WORK AND ENERGY-Notes

work is said to be done when a force is applied on an object and that object moves in the direction of the applied force. If there is no movement, or if the movement is not in the direction of the force, then no work is said to be done.

In simpler words, work happens only when both force and displacement act together in the same direction. For example, if you push a box and it actually moves, you are doing work. But if you push hard and the box doesn’t move, no work is done in the scientific sense — even though you may feel tired.

Work can be positive or negative depending on the direction of force and displacement.

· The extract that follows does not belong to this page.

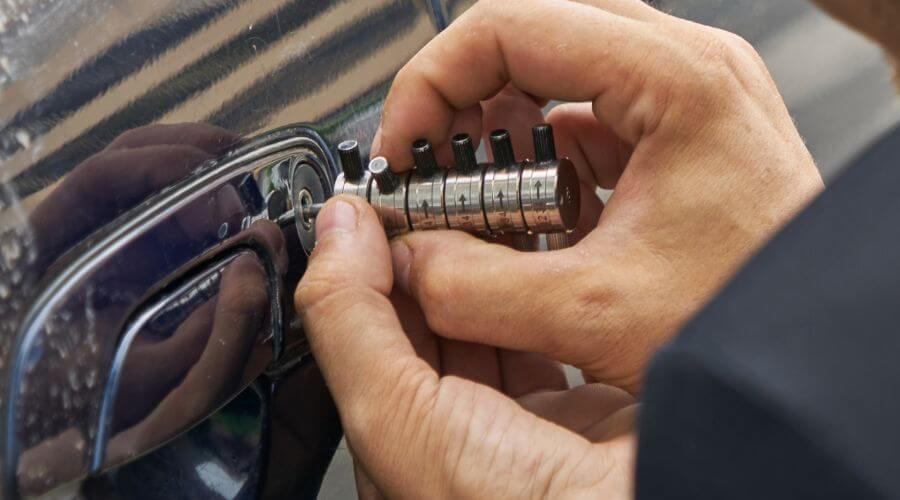 Professional residential roofers in Bow, WA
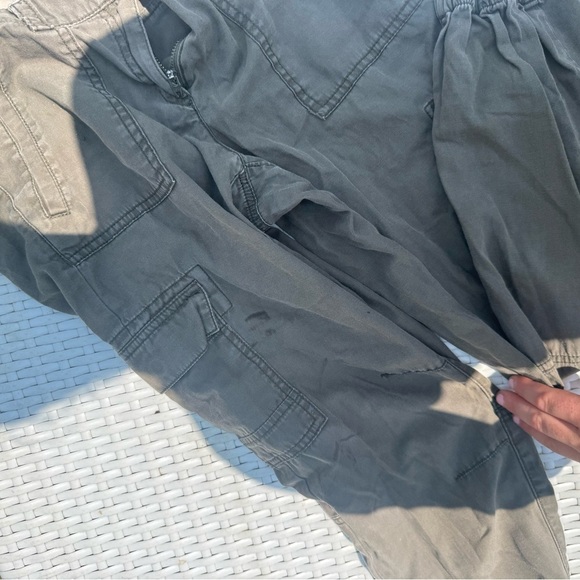 Loft size 4 green cargo Pants - Picture 2 of 4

Work = Force × Displacement in the direction of force
Thus, work done by a force acting on an object is equal to the magnitude of the force multiplied by the distance moved in the direction of the force. Work has only magnitude and no direction.

if \(F = 1\, N\) and \(s = 1\, m\) then the work done by the force will be \(1\, N\, m\). Here the unit of work is newton metre \((N\, m)\) or joule (J).

Thus, 1 J is the amount of work done on an object when a force of 1 N displaces it by 1 m along the line of action of the force.

A force of 7 N acts on an object. The displacement is, say 8 m, in the direction of the force Let us take it that the force acts on the object through the displacement. What is the work done in this case?

Solution:
Force \(F=7\,N\)
Displacement in the direction of Force \(d=8\,m\)
Work done \(W=\) \[ W=F\cdot d\tag{1}\\ \] SUbstituting Values of \(F\) and \(d\) in Formula {1} \[ \begin{align} W=7\times 8\\=56\,Nm \end{align} \]

A porter lifts a luggage of 15 kg from the ground and puts it on his head 1.5 m above the ground. Calculate the work done by him on the luggage.

Solution:
Weight of the luggage \((m)=15\,kg\)
Force acting on the luggage due to gravity \[\begin{aligned}F&=m\times g\\&=15\times 10\\&=150\,N\end{aligned}\] Displacement in the direction of Force \((d)=1.5\,m\)
Work done \(W=\) \[ W=F\cdot d\tag{1}\\ \] Substituting Values of \(F\) and \(d\) in Formula {1} \[ \begin{align} W&=150\times 1.5\\&=225\,Nm \end{align} \]

Energy is defined as the capacity of a body to do work.

The unit of energy is, therefore, the same as that of work, that is, joule (J). 1 J is the energy required to do 1 joule of work.
Sometimes a larger unit of energy called kilo joule (kJ) is used. 1 kJ equals 1000 J.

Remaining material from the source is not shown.